Você pode não gostar ou gostar só de algumas faixas, mas do CD Jukebox, de Cat Power, não pode dizer que não seja criativo. Começa já na primeira, uma versão muito peculiar de New York, e vai até Angelitos Negros, em espanhol mesmo. Para mim, ela se dá melhor em músicas com pegada mais folk ou blues, como em Silver Stallion, de Johnny Cash, I Believe in You, de Bob Dylan, e sobretudo Breathless, de Nick Cave. Como Joanna Newson, Cat Power faz algo original sem tirar a idéia de cada canção.

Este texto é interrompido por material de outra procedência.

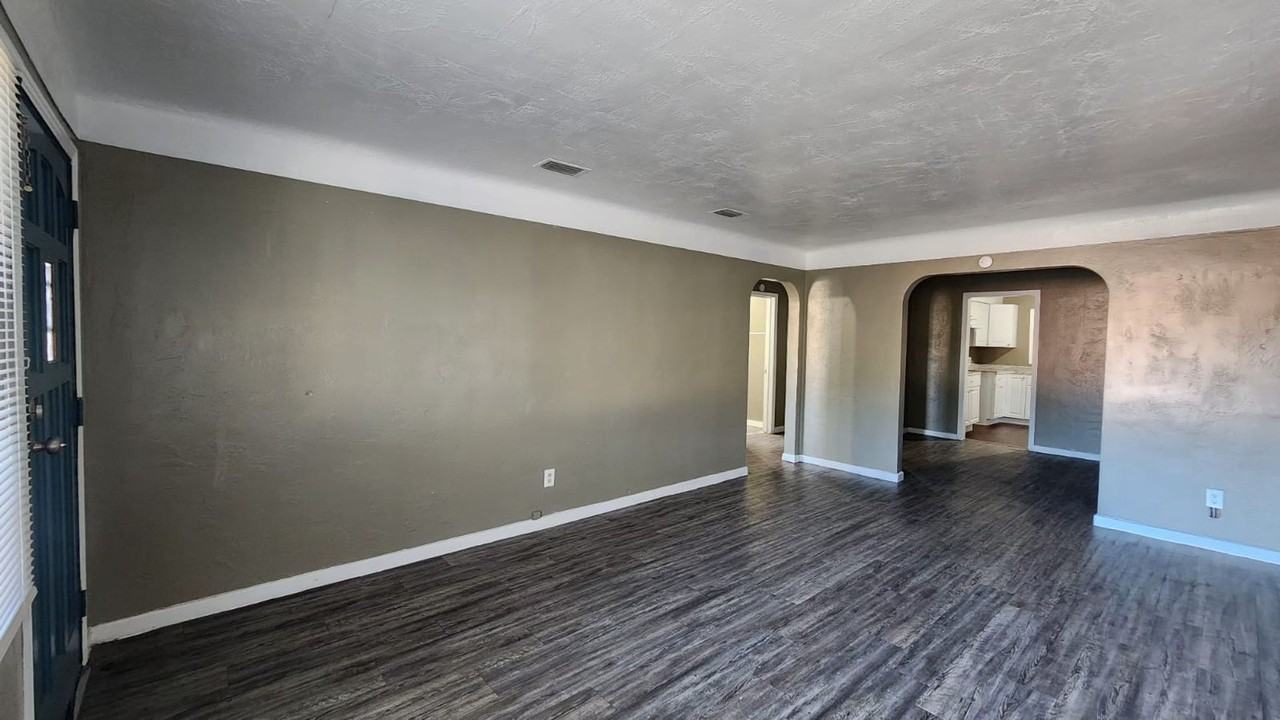 2576 13th Ave S - Photo 3 of 18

Não é o que ocorre, aliás, em Onde Brilhem os Olhos Meus, CD em que Fernanda Takai, do Pato Fu, regrava músicas interpretadas por Nara Leão. A suavidade de Nara fica desossada, talvez porque também os arranjos são simples demais.

UMA LÁGRIMA

Por falar em suavidade, a de Henri Salvador, morto aos 90 anos na quarta passada, era famosa. Era um homem a meio caminho entre o bolero e o jazz. A versão dele de que inspirou a bossa nova com músicas como Dans Mon Île não é confiável; afinal, o próprio Salvador tinha trabalhado no Rio nos anos 40, como lembrou Ruy Castro, e pegado uma cadência de samba canção. Mas deixou algumas músicas bem agradáveis e era um guitarrista de primeira.

POR QUE NÃO ME UFANO

Achei curioso como se acalentou uma idéia de que a estréia de Tropa de Elite, o filme de José Padilha, no Festival de Berlim, na semana passada, daria uma noção mais clara de suas qualidades, porque distanciado do debate nacional sobre segurança. Pois a crítica européia e americana que estava lá, e em geral reagiu sem entusiasmo, observou coisas muito parecidas. Mais que isso: ninguém o elogiou por supostamente ser o primeiro a chamar atenção para o consumo de drogas na classe média. Um texto interessante foi o do Le Monde, que reclamou das cenas de recrutamento e da aceleração violenta que afasta reflexões.